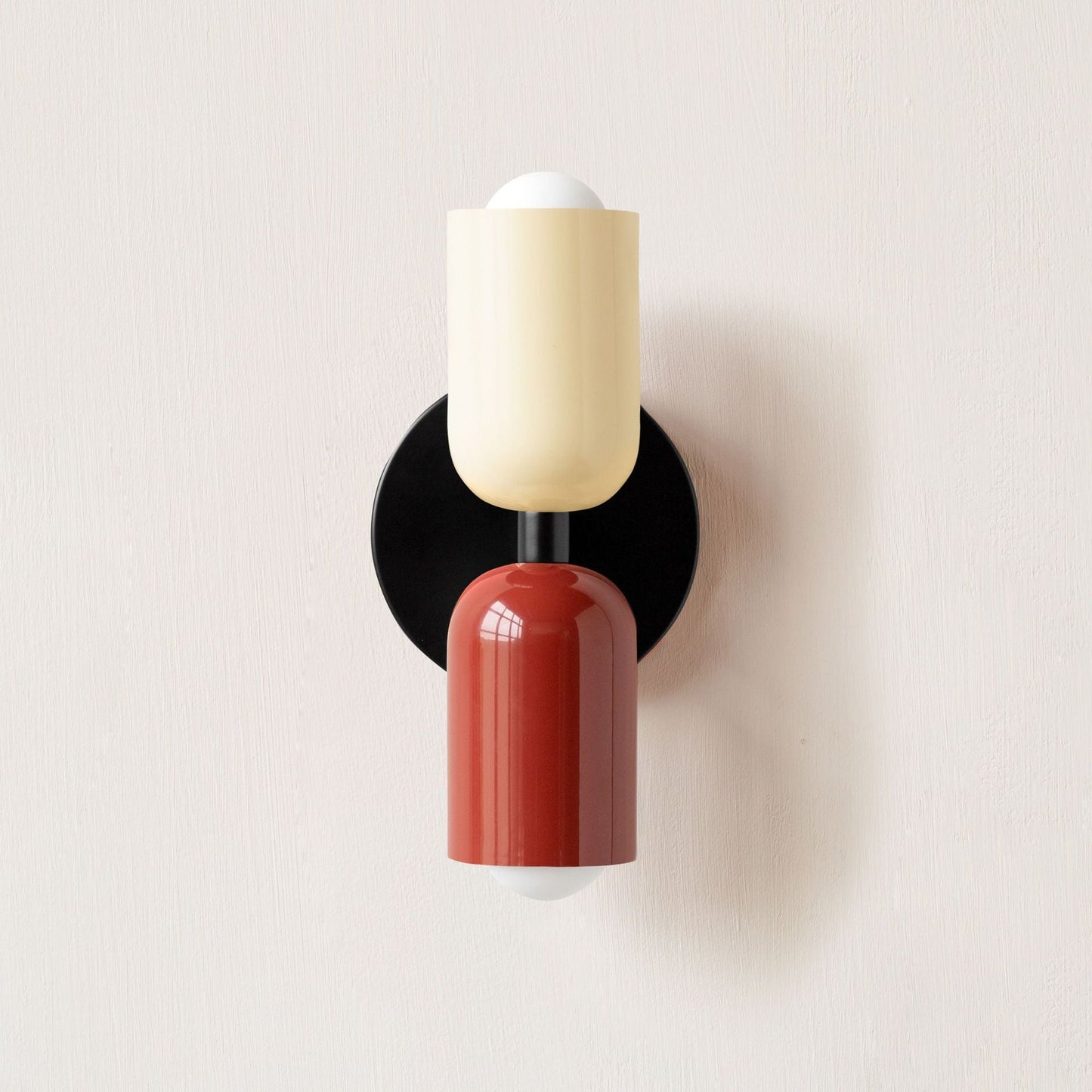 Lumen Vintage | Elegant Wall Sconce with Curved Glass Shade | Stylish Wall Lights for Timeless Bathroom Ambiance 10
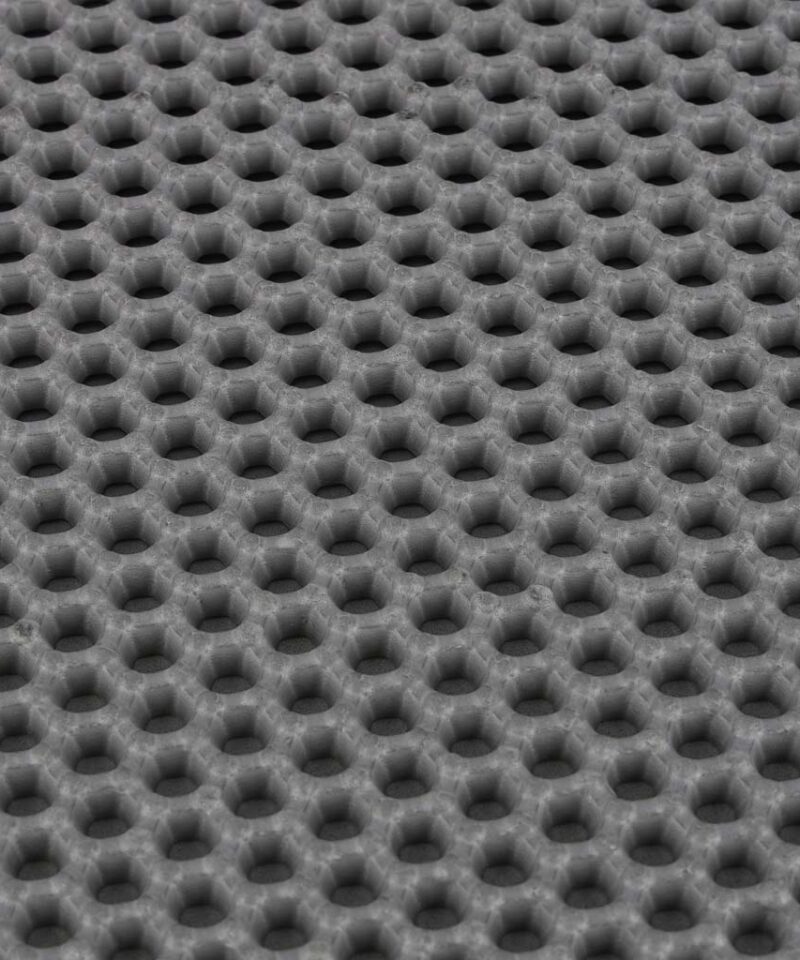 Kassi aluse matt lihtsustab koristamist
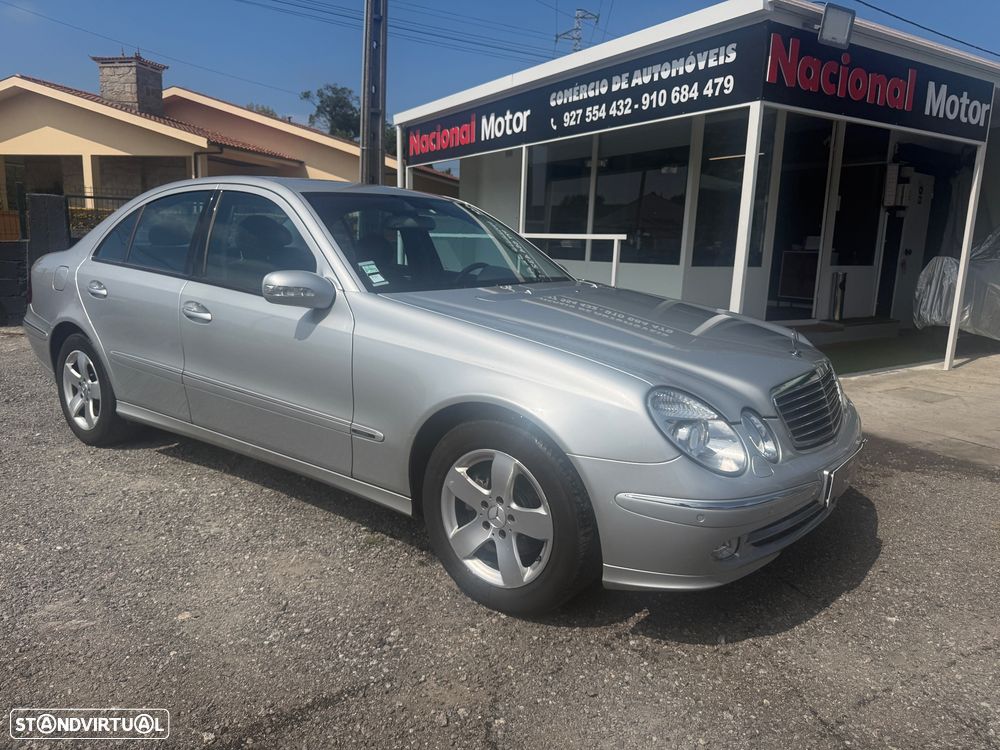 Mercedes-Benz E 220 CDI Auto Avantgarde - 1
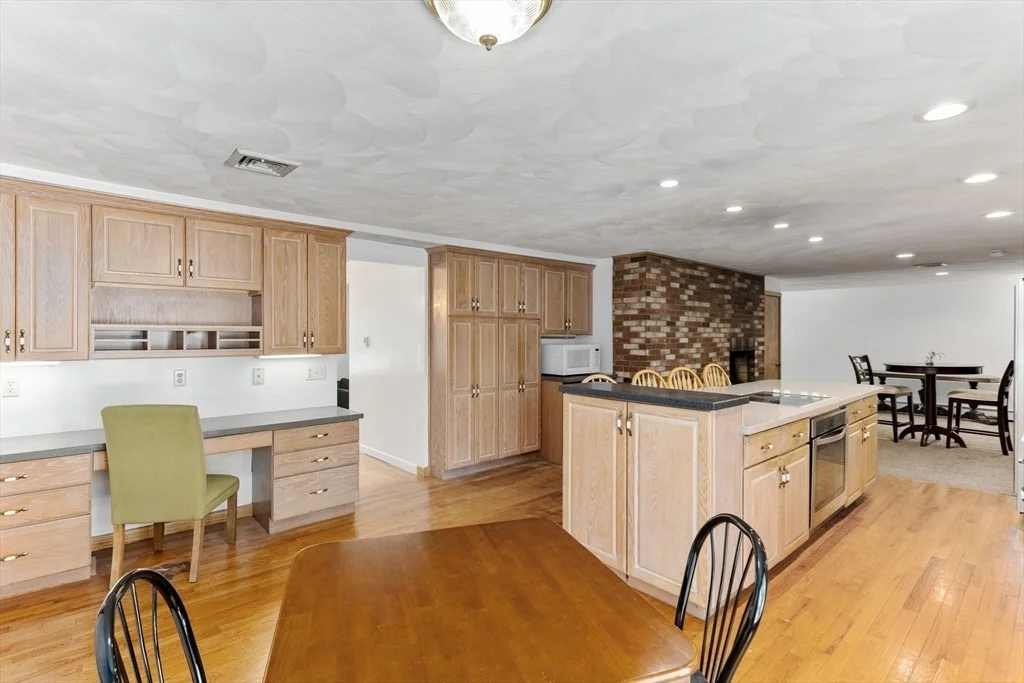 Photo of 8 Rathbun Willard Drive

====================

_WHAT IS BEING ASKED_
Print the material above exactly as it appears, but not its pictures.

_TASK SOLUTION_
 Lumen Vintage | Elegant Wall Sconce with Curved Glass Shade | Stylish Wall Lights for Timeless Bathroom Ambiance 10
 Kassi aluse matt lihtsustab koristamist
 Mercedes-Benz E 220 CDI Auto Avantgarde - 1
 Photo of 8 Rathbun Willard Drive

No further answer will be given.